The objective of this exercise is to align goals. If you are working towards a future state with someone in any domain and desire success in that pursuit, this exercise will be for you.
Before I outline what we did, I want to highlight the tool and inspiration that I largely borrowed from when figuring out a model for how we were going to align our visions for the future. That tool is one I've mentioned before- the Daily Manifest, created by Jack Butcher of Visualize Value.

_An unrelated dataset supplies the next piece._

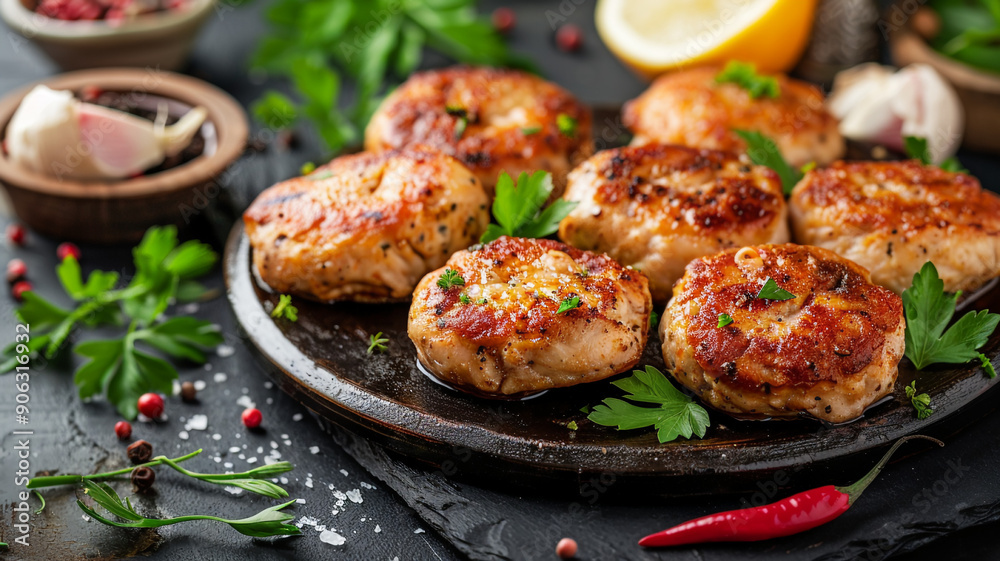 A close-up of delicious Appetizing meat cutlets on the table with greens A close-up of delicious Appetizing meat cutlets on the table with greens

In short, the DM is a worksheet meant to be filled out daily. It helps users work towards far off goals, tracking daily measures of success along the way. On your first sheet, you will start off by setting a 90 day goal in each of three categories- Happiness, Money and Time. For each of the three, you'll then set a 30 day achievement to mark progress and one thing you plan to accomplish for the day that will bring you a step closer to each goal. I've spent a lot of time with the DM, well over 100 days actually. It’s for this reason that I played with adapting Butcher’s model as a tool for setting goals between 2 people.
Defining the Future
When we first sat down, we started by each filling out a separate 3 x 3 grid that looked something like this:
On one axis, we took the same three categories of time, money and happiness from the daily manifest, and individually thought of goals to apply for each on time scales of three years, one year and one month labeled on the other axis.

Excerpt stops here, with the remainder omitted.